Green-, Social- und Sustainability-Anleihen (GSS) sind bei Corporates seit vielen Jahren etabliert. Im schwierigen Vorjahr konnte das Volumen an Green Bonds trotz eines schrumpfenden Marktes stabil gehalten werden. In den ersten neun Monaten 2023 hat sich das Segment der Use-of-Proceeds-Anleihen (GSS) zwar unterproportional zum Gesamtmarkt, jedoch mit einem Plus von 6% trotzdem insgesamt positiv entwickelt.

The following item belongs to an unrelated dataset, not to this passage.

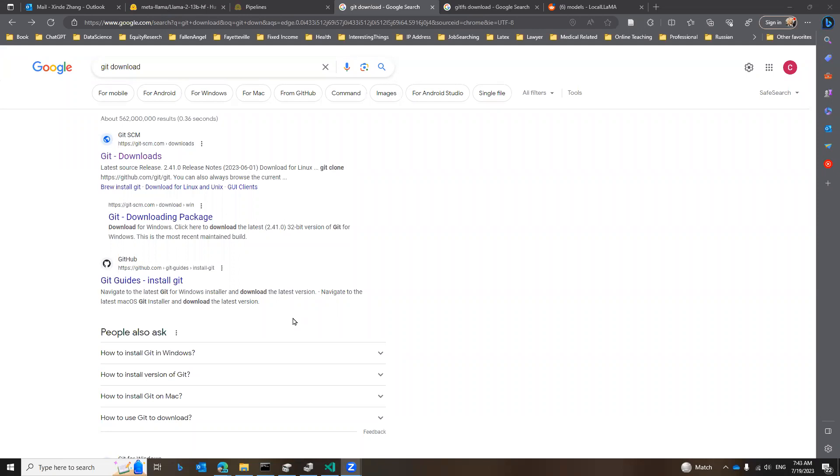Okay, so I'm going to go through how to download and install Llama 2 from HuggingFace.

Das seit 2019 sukzessive am Markt etablierte Format der Sustainability-Linked-Bonds (SLBs) war in der zweiten Jahreshälfte 2022 mit deutlichen Rückgängen konfrontiert. Seit Jahresstart 2023 liegt das Volumen mit 21,8 Mrd. Euro etwa auf dem Niveau des vergleichbaren Zeitraums 2022. Wir gehen von einer weiter positiven Entwicklung in den nächsten Monaten aus. Bei SLBs erfolgt die Mittelaufnahme vor dem Hintergrund vordefinierter Nachhaltigkeitsziele des gesamten Unternehmens und nicht nur einzelner Projekte. Die Nutzung der Gelder im Unternehmen ist daher nicht zweckgebunden.
Durch den starken Anstieg der klassischen Anleihen - vor allem im zweiten und dritten Quartal des laufenden Jahres - kam der grüne Bondanteil zuletzt von 35% im Gesamtjahr 2022 auf rund 28% zurück. Wir gehen davon aus, dass sich die Quote nachhaltiger Bonds im vierten Quartal wieder leicht erhöht und das grüne Volumen 2023 im Vergleich zum Vorjahr (95 Mrd. Euro) insgesamt gesteigert werden kann. Der Trend zur Transformation des Kapitalmarktes zu einer auf allen Ebenen nachhaltigeren Ausrichtung ist ungebrochen und wird die Marktteilnehmer noch viele Jahre beschäftigen.